Patel is one of the small group of practicing Hindus in East Texas. He was born in Kenya and moved to India as a child. He later moved back to Kenya and then moved to England to learn and work, he said.
“I’m not going to live anywhere else from now on,” he said while watching his children and grandchildren dance and play at the Navaratri Festival at the beginning of October.
“I’m going to live in East Texas,’’ Patel said. ‘‘I love it here. This is the best community I have found. So I don’t want to move from here. … They just take everybody as if they’re their own. This is my home. I don’t have any other home except East Texas.”
He is proud of the small temple he built in his home. He uses it to pray to various deities, including those representing fire, earth, water, air and a precious metal, he said. He doesn’t believe that there is a right or wrong God, but that they are all from the same source and should be respected as such.
“So you can say Jesus, that’s fine,” he said. “My God is Jesus, too. We don’t fight over a god. Because we know there is only one power in the world. Whatever name you choose, you can do it. So that is the whole idea of Hinduism.”
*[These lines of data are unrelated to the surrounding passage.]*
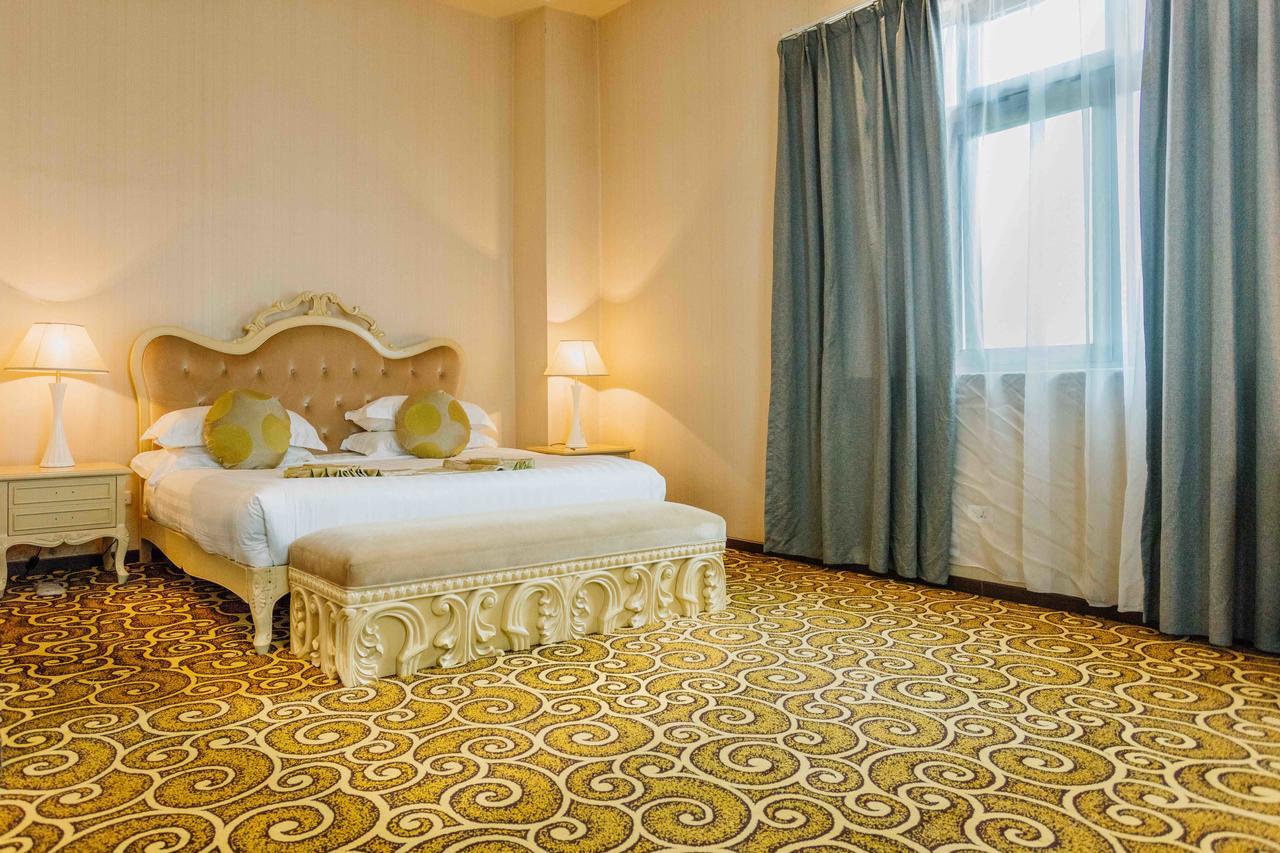 Ambassador Hotel Addis-Abeba Extérieur photo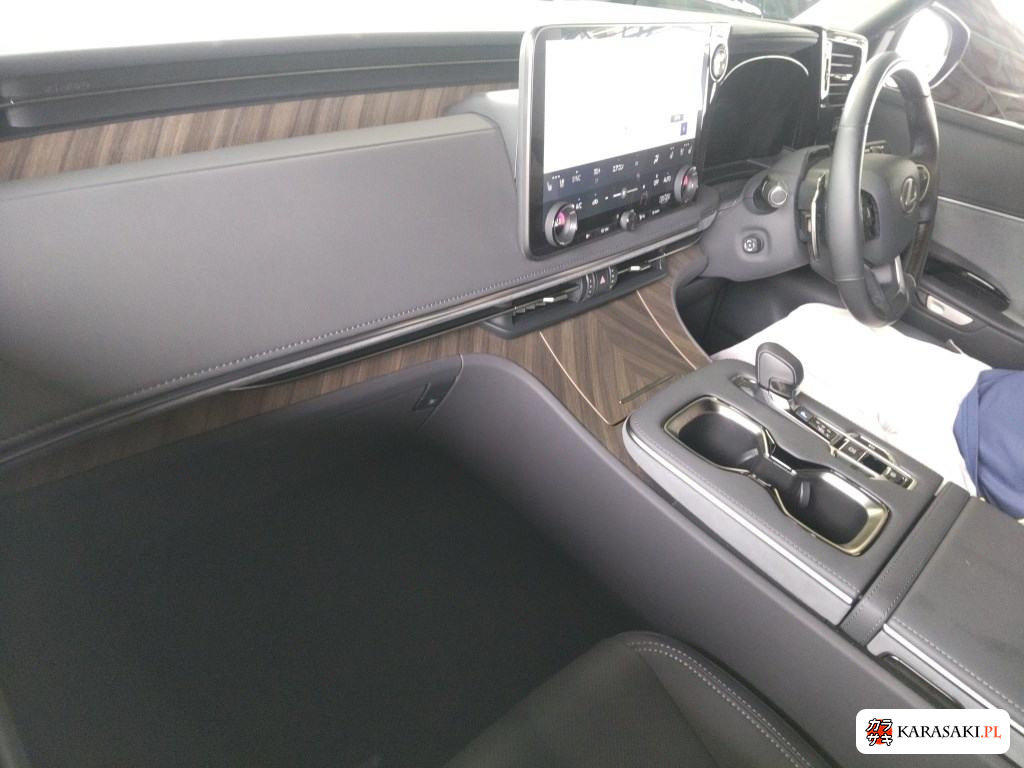 2025 Lexus LM 4WD LM500H Version L 5
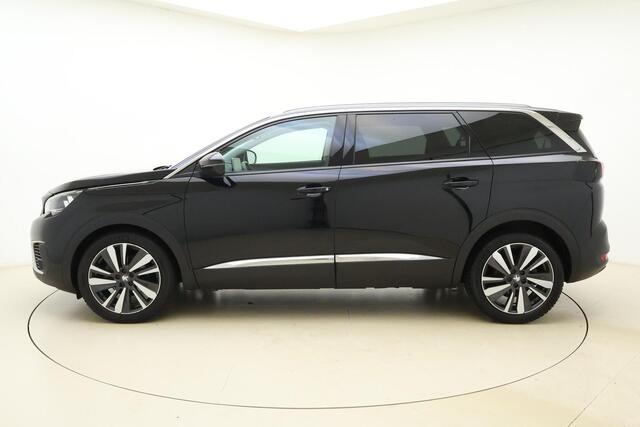 Peugeot 5008 1.2 Turbo Allure 130 Pk | Automaat | Trekhaak | Navigatie | 19-Inch | Elektrische Achterklep | Camera Achter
He said gods are like parents; everyone has the figurehead of a parent, but they all look and act differently. But while the people who are parents may be different, the figurehead is the same.
“If you look at those who practice Hinduism, we are the most tolerant of any other religion in the world,” he said. “We tolerate everything. To us, there is no good or bad, all religions are equal because we believe all gods are one.”
Sarah Bennett, pagan
Sarah Bennett sat on a park bench at the Ellen Trout Zoo Park, a small moon and star pendant gleaming from a chain around her neck. It’s one of several symbols that many pagans in the community use to identify each other, she said.
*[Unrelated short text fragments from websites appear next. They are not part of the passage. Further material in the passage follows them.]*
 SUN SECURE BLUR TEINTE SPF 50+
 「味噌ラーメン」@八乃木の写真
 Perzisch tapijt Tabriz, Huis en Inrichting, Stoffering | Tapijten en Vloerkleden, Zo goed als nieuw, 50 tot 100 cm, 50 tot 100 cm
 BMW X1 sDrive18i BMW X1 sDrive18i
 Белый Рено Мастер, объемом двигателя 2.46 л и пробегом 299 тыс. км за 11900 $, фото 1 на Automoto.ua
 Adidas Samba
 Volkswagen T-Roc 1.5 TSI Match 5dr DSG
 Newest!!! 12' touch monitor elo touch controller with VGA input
Between the various sects of pagans, there is a bustling community in Nacogdoches and Angelina counties, Bennett said, but many are scared to come “out of the broom closet” in Angelina County. Business owners, city workers, teachers and stay-at-home parents have seen their peers face backlash for their beliefs, Bennett said.
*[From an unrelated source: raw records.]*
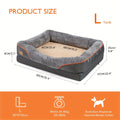Hundebett, 83*57*8 für Ruheplatz und Hunde – Detailansicht 9
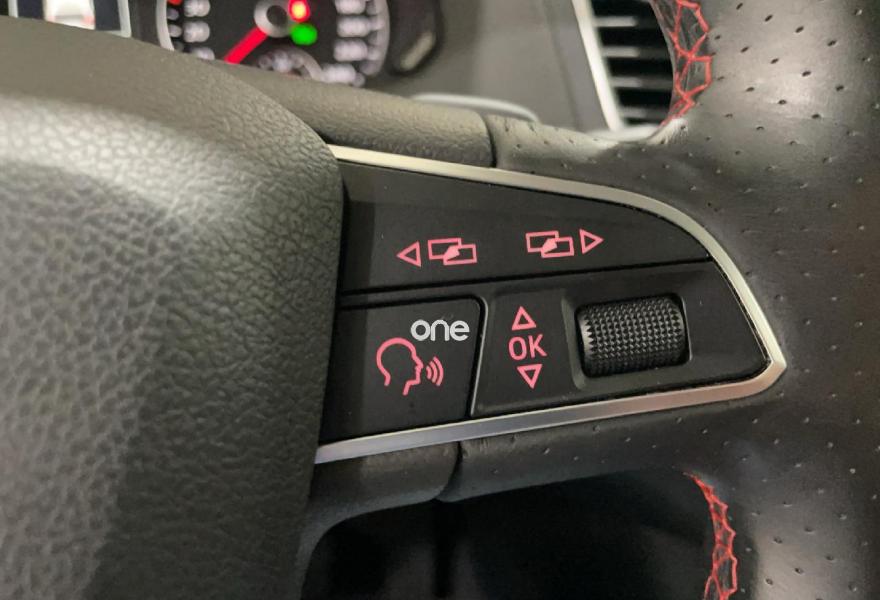 SEAT Alhambra 2022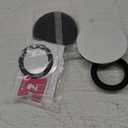 ANDERY Car Phone Holder for Magsafe [78+LBS Strongest Suction & 2400gf Magnetic] 360 Adjustable Car Phone Mount, Phone Holders for Your Car for iPhone 17 Pro Max 16 15 14 13 12 Air Plus, Carbon Fiber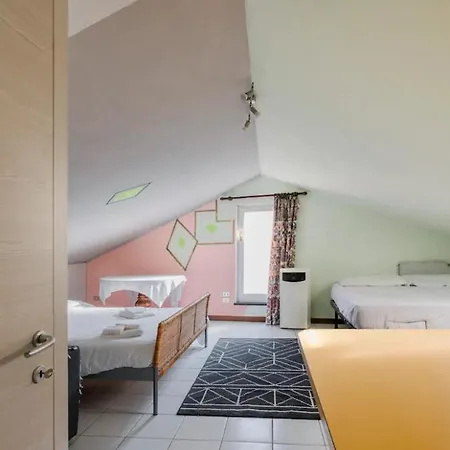 شقة Centro - 10 Posti Letto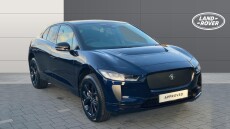 Jaguar I-Pace 294kW EV400 R-Dynamic SE Black 90kWh 5dr Auto Electric Estate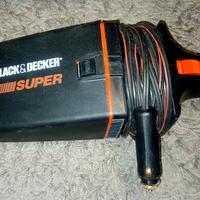 Compressore Doppio Cilindro + Aspirapolvere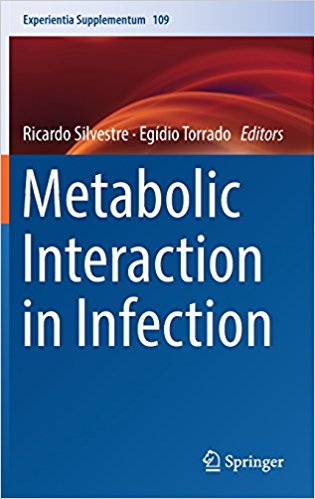 free-pdf-download-Metabolic Interaction in Infection (Experientia Supplementum) 1st ed. 2018 Edition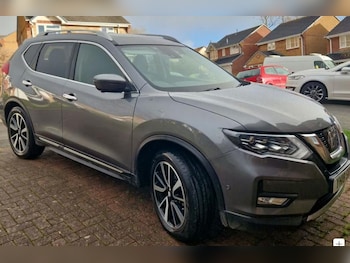 Used Nissan X-Trail 2018 for sale - 77270437: Photo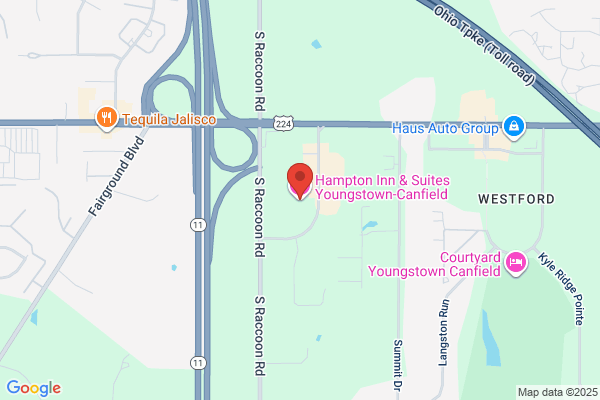 Hampton Inn & Suites Youngstown-Canfield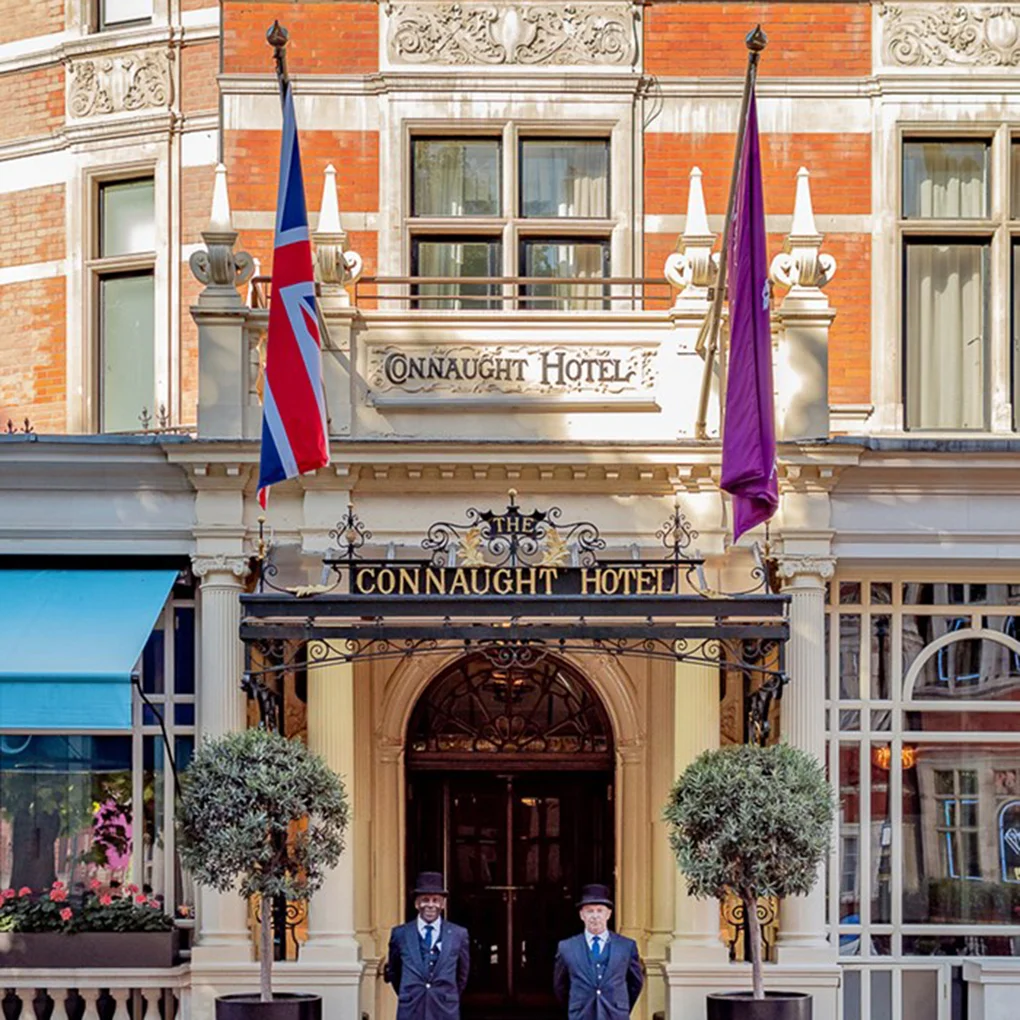 The Connaught Hotel London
This is part of the reason why she presides as a spokeswoman and leader in the pagan community. She began by speaking to students working to become social workers at Stephen F. Austin State University and was later interviewed by The Nacogdoches Daily Sentinel.
“I was worried that my car would get keyed or something,” she said. “Instead, I actually got emails of support. I was surprised by that.”
She thinks Nacogdoches may be a little more accepting because of the university, though.
“We have several members from Angelina County who I speak with all the time,” she said. “They’re nervous about being in the public. And that’s understandable. They’re nervous about losing jobs, or if they’re job hunting, they don’t want it to show up when they Google their name. I’ve even known people who work for the city and they don’t want to be known because of job security.”
She said this community is extremely supportive of other types of religions outside of Christianity, but that welcoming attitude doesn’t extend to pagans or Wiccans.
“I want that. I wish we had that,” she said. “In high school I was really picked on for it. My principal even made fun of me for it. He got onto me about not bowing my head during prayer.”
She said that has improved for her personally as she’s become an adult. People are less likely to cause a scene, she said.
“There are a lot of stereotypes and misconceptions,” she said. “Social media has made it a little easier to be open about it, but it’s also allowed the spread of a lot of misinformation.”
She runs a Facebook group dedicated to pagans in East Texas where people can be open about their beliefs and ask questions when needed. For many people it works as a form of a “church community,” she said. They can connect for sabbats — which are pagan holidays — or for ritual needs in daily practices through the group, too.